И в этом смысле Тарталья ближе к Живаго, чем к Арлекину. Живаго задыхается в трамвае — его дыхание прерывается. Тарталья заикается — его речь прерывается. Оба они — фигуры прерванного потока. Но если Живаго от этого умирает, то Тарталья — живет. Заикание не убивает его. Оно становится его способом быть.
11
Представим сцену, где Тарталья должен произнести любовное признание. Он влюблен в Коломбину. Он выучил текст. Он репетировал перед зеркалом. Он выходит на сцену. Коломбина стоит и ждет. Он открывает рот.

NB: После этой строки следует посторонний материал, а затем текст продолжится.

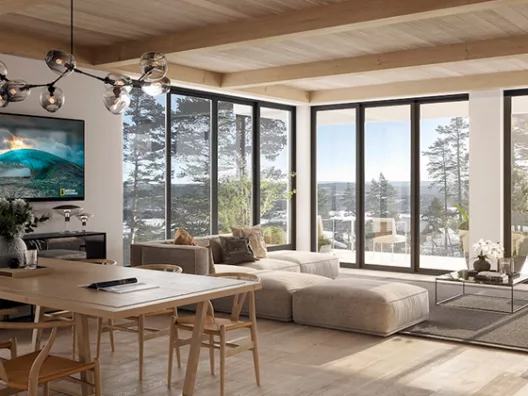 Moderne stue med store vinduer som viser utsikt over skogen, møblert med sofa, spisebord og TV som viser et havbilde.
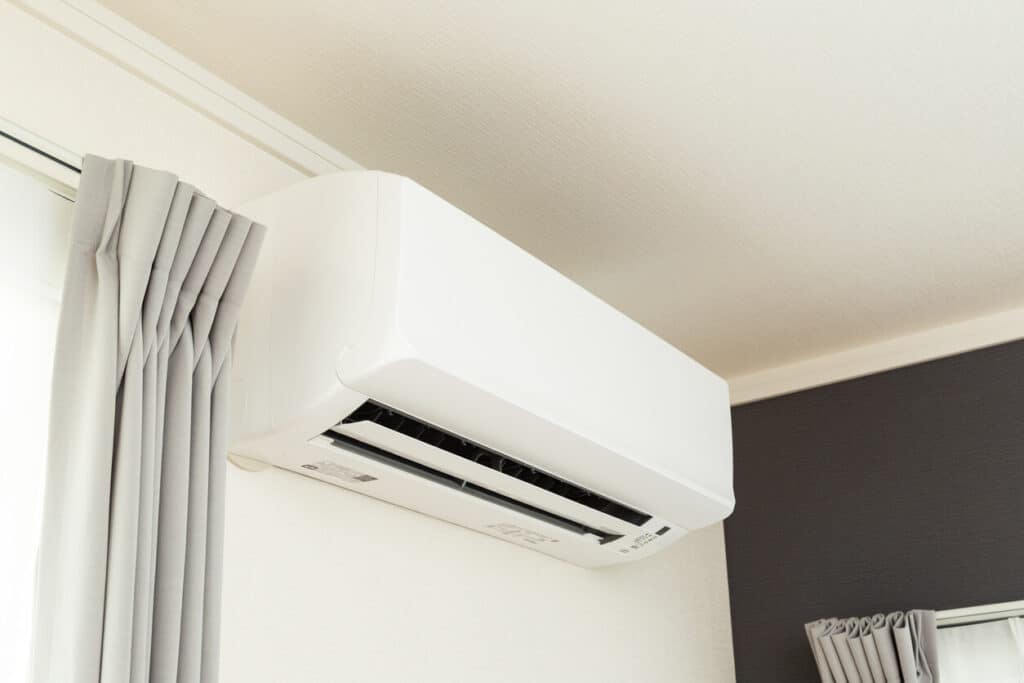 A white, wall-mounted air conditioning unit is installed near the ceiling of a room with neutral-colored curtains. The AC unit appears modern, with a clean and sleek design, blending in with the light-colored walls. Wondering how do mini splits work? This model efficiently cools the space while remaining unobtrusive.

— Я, я, я, я… — и всё. Дальше не идет.
Коломбина смотрит на него. Она не смеется. Она ждет. И вдруг — впервые в истории комедии дель арте — она отвечает:
— Я поняла.
И уходит.
Что она поняла? Она поняла то, что не могло быть сказано. То, что было по ту сторону заикания. Не «я тебя люблю» (это гладкая речь, а Тарталья не говорит гладко), а само его существо, застрявшее в горле.
Это был бы, пожалуй, самый трогательный момент во всей воображаемой литературе комедии дель арте. И самый философский. Потому что здесь происходит коммуникация без слов. Точнее, коммуникация через невозможность слов. Через сбой, который оказывается более красноречивым, чем любая правильная речь.
Мысль — это всегда заикание. Потому что мысль не течет. Она не дается нам как поток. Она пробивается. Она застревает. Она возвращается. Она повторяет одно и то же — и каждый раз по-новому. Гладкая речь — это речь, в которой мысли нет. Мысль начинается там, где язык начинает заикаться.
Это и есть ответ на вопрос, который мы поставили в самой первой колонке: как мыслить, когда собеседника нет? Когда институты глухи? Когда слова не значат того, что должны значить?
Ответ: заикаться. Не пытаться говорить гладко. Не подстраиваться под язык отчетов и грантовых заявок. Не имитировать уверенность. А позволить языку застрять. Позволить мысли пробиваться толчками. И ждать, пока кто-то — как Коломбина — скажет: «Я поняла».
Александр Марков, профессор РГГУ
Оксана Штайн, доцент УрФУ
1 Делёз Ж. Критика и клиника. Пер. с франц. О. Е. Волчек и С. Л. Фокина. Послесл. и примеч. С. Л. Фокина. — СПб.: Machina, 2002. — С. 173.